Karim Karoui*a, Abdelfattah Mahmoudb, Abdallah Ben Rhaiema and Frèdéric Boschinib
aLaboratory of Condensed Matter, Faculty of Science of Sfax, University of Sfax, BP1171 – 3000 Sfax, Tunisia. E-mail: karouikarim36@yahoo.com
bGREENMAT, CESAM Research Unit, University of Liege, Chemistry Institute B6, Quartier Agora, Allée du 6 août, 13, B-4000 Liege, Belgium

Received 15th December 2018 , Accepted 16th February 2019

First published on 27th February 2019


Abstract

Li2M(WO4)2 (M = Co, Cu or Ni) materials have been synthesized using the solid-state reaction method. X-ray diffraction measurements confirmed the single phase of the synthesized compounds in the triclinic crystal system (space group P[1 with combining macron]). The SEM analyses revealed nearly spherical morphology with the particle size in the range of 1–10 μm. The IR spectra confirm the presence of all modes of WO42−. The impedance spectroscopy measurements showed the presence of grain boundaries and allow determination of the conductivity of the synthesized materials at room temperature. As positive electrode materials for lithium ion batteries, Li2M(WO4)2 (M = Co, Cu or Ni) cathode materials deliver initial discharge capacities of 31, 33 and 30 mA h g−1 for cobalt, nickel, and copper, respectively.


1. Introduction

In recent years, tungsten (W) based electrode materials such as oxides, nitrides, and oxysalts have been proven to be feasible for electrochemical energy storage, thanks to their high specific capacity, good working voltage, abundant reserves, and environmental friendliness. In addition, metal tungstate as an independent entity, such as FeWO4, MnWO4 and ZnWO4, reveals excellent electrochemical performance on account of the synergistic effect of different metal elements.1–5 Among them, cobalt tungstate (CoWO4) and nickel tungstate (NiWO4) have been researched as promising replacements for catalysis.6

Double tungstates materials have been considered to be attractive materials basically thanks to their interesting luminescence properties and possible application in the field of solid-state lasers.7–9 These materials have a general formula A2M(WO4)2 where A is a monovalent cation and M (Ni, Co and Cu…) is a divalent metal. Two different coordination have been found for tungsten: (i) tetrahedral for the scheelite-like double tungstates as in NaLa(WO4)2 (ref. 10) or (ii) octahedral for those adopting the wolframite type of structure as in LiFe(WO4)2.11 Nevertheless, a few double tungstates have been structurally investigated and not much has been study about their chemical and physical properties. The wolframite type structure is very common among MWO4 compounds (where M is a transition metal), and it can be described as made up of hexagonal close-packed oxygens with certain octahedral sites filled by M2+ and W6+ cations in an ordered way.12 As though the available information about this type of tungstates remains scarce, we explored the existence of new lithium metal(II) double tungstates and to investigate the electrical and electrochemical properties for which the previously published information was incomplete. The aim of this work is, to investigate and study the electrical and electrochemical properties of Li2M(WO4)2 (M = Ni, Co and Cu) compounds at room temperature. We report here for the first time the electrochemical tests of Li2M(WO4)2 as positive electrode material for Li-ion batteries and we investigate the electrical and SEM properties at room temperature to combine the electrochemical properties and conductivity measurements with morphological properties.

2. Experimental

In a typical procedure, polycrystalline Li2M(WO4)2 (M = Ni, Co and Cu) powder sample was prepared using mixtures of stoichiometric amounts of high purity (Sigma Aldrich) (≥99%) NiO, ZnO, CuO, Li2CO3, and WO3 via conventional solid state reaction method.

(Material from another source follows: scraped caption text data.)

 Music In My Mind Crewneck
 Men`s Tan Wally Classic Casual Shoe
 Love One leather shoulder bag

Stoichiometric amounts of the starting reagents were mixed and intimately ground in an agate mortar. An excess of lithium was used during these preparations to compensate for the evaporation of the latter at high temperature. Initially the samples were fired at 550 °C under air for 60 hours to allow decarbonation and then between 650 and 700 °C for 160 hours as summarized in Table 1. After heat treatment, samples have been grounded and then reheated to ensure homogeneity. The colors of these synthesized samples, which depend on the used metal, are in good agreement with the reported colors in the literatures as indicated in Table 1.

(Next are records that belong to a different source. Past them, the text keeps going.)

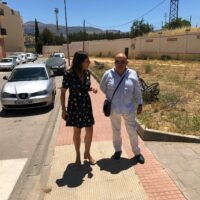 La Diputación subvencionará la primera fase de la urbanización del sector UE-30 entre la avenida Málaga y calle Maestro Díaz Machuca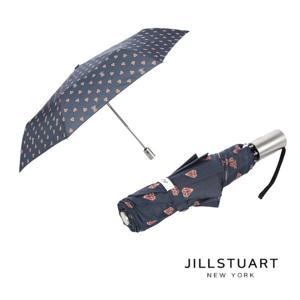 [질스튜어트] (자동우산) 네이비 쁘띠패턴 3단자동 양산 겸용 우산 JAUM5E005N2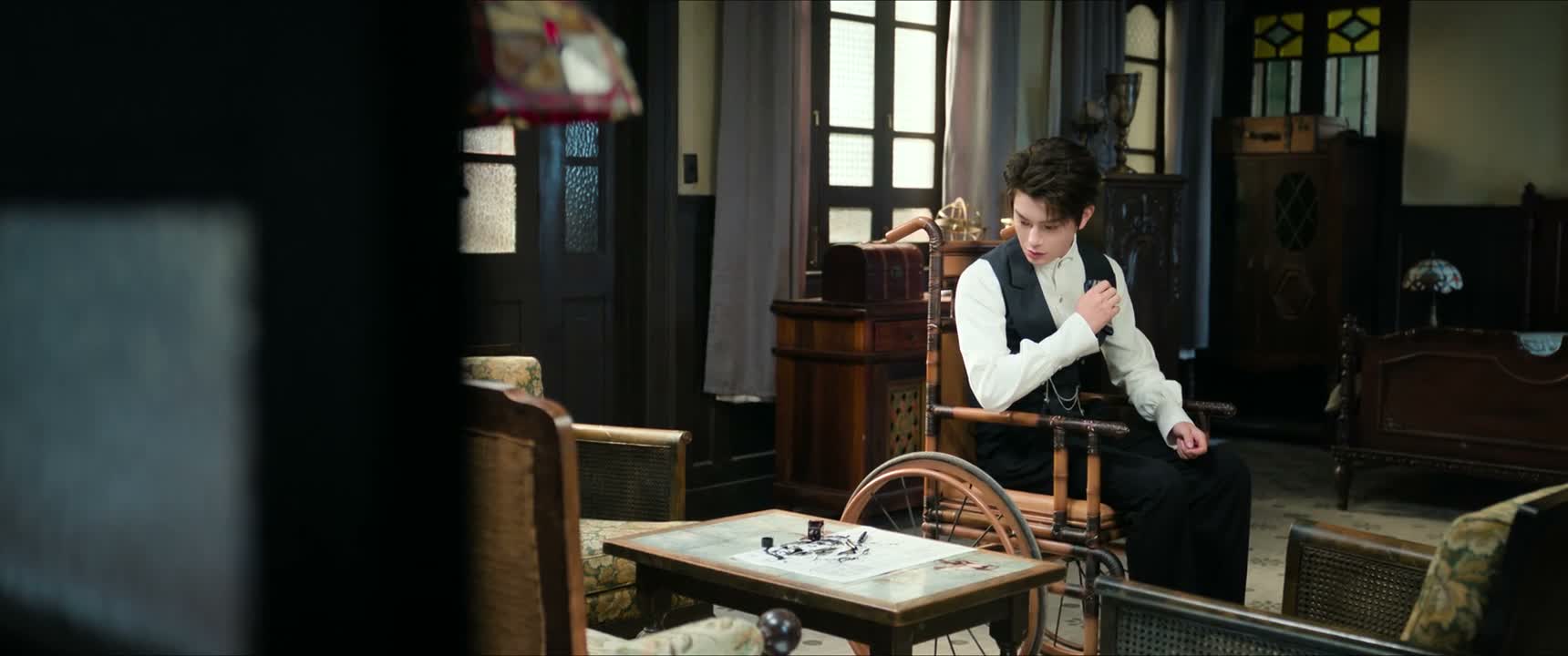 少爷 医生来了 在屋里等您呢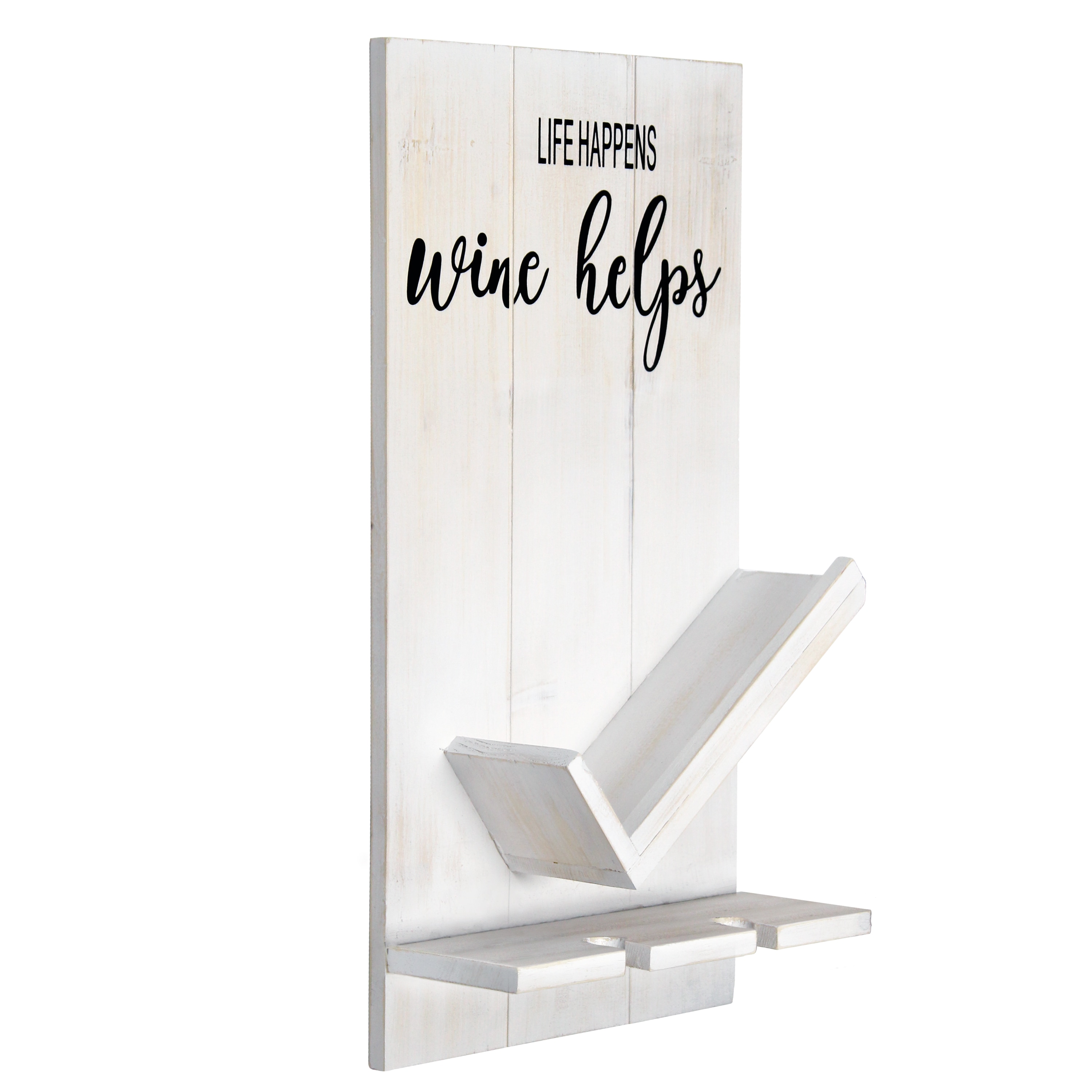 Elegant Designs HG1016-WWH Wine-Racks - View #2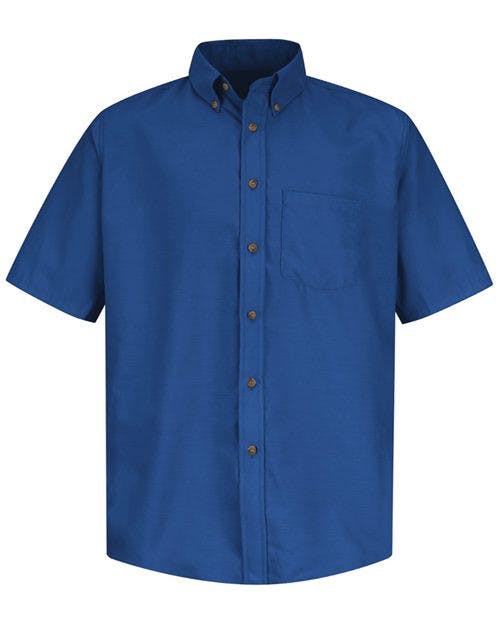 Poplin Short Sleeve Dress Shirt [SP80]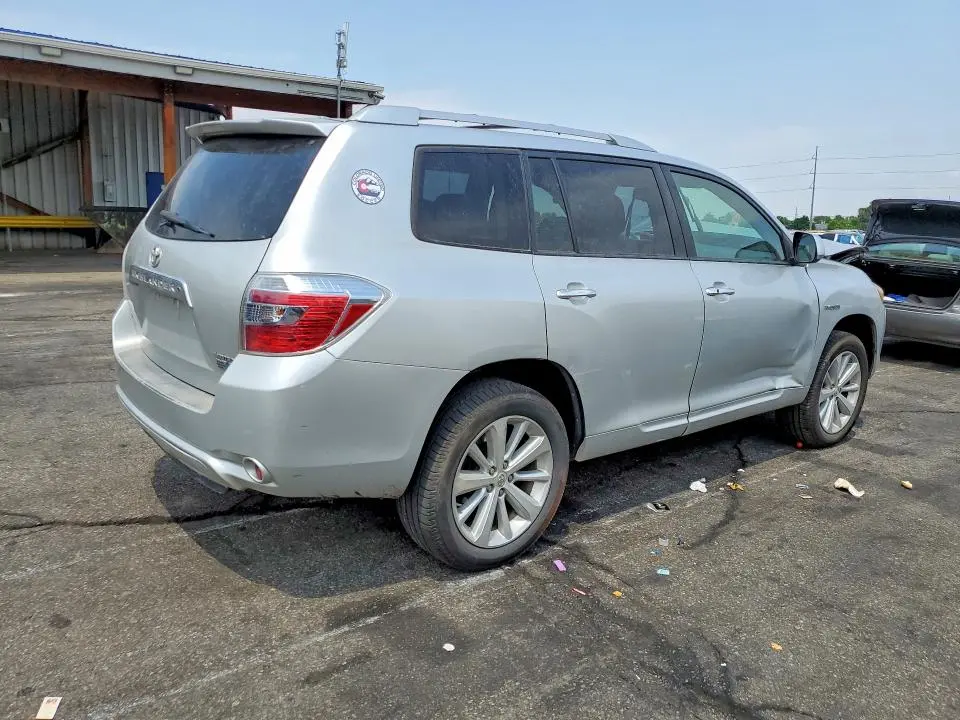 2010 TOYOTA HIGHLANDER HYBRID LIMITED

Table 1 Conditions of synthesis of Li2M(WO4)2 (M = Co, Ni and Cu)
Sample Synthesis Color
Li2Ni(WO4)2 550 °C/60 h, 700 °C/160 h Yellow
Li2Cu(WO4)2 550 °C/60 h, 700 °C/160 h Green-yellow
Li2Co(WO4)2 550 °C/60 h, 650 °C/146 h Purple


The phase purity has been examined and confirmed using powder diffraction. Powder X-ray diffraction (XRD) data were collected with a Bruker D8 ECO powder diffractometer using Cu Kα radiation (λ = 1.5418 Å), operating from 2θ = 15 to 80°. The crystal structure was refined by the Rietveld method, starting from the observed powder diffraction pattern and using Fullprof software. The morphology and particle size were studied with a scanning electron microscope (XL 30 FEGESEM, FEI) with an accelerating voltage of 15 kV under high vacuum. Samples were deposited on carbon tapes. Sputtering deposition was done with gold target under argon atmosphere (Balzers, SCD004, Sputter coater).

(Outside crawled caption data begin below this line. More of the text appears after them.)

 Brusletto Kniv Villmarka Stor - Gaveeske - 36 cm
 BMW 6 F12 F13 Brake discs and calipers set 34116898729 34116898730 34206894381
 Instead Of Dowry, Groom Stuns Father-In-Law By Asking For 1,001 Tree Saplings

To determine the particle size distribution, at least 10 micrographs were taken for each LTO-sample in different regions of the holder, and about 100 particles were analyzed using the commercial software IMAGEJ.13

The IR measurements were performed using a Perkin Elmer 1600FT spectrometer. Samples were dispersed with spectroscopic KBr and pressed into a pellet. Scans were run over the range 400–4000 cm−1 at room temperature.

The ATG analyze was carried out using a thermogravimetric balance TGA-50 Shimadzu in the temperature range from 30 to 600 °C under O2 atmosphere with a heating rate of 10 °C min−1.

The real (Z′) and imaginary (Z′′) parts of electrical impedance data were measured by means of Solartron1260A Impedance Analyzer coupled with a 1296A Dielectric Interface in the 1–106 Hz frequency range at room temperature. This measurement is realised on pellet disks of about 8 mm in diameter and 1.2 mm in thickness.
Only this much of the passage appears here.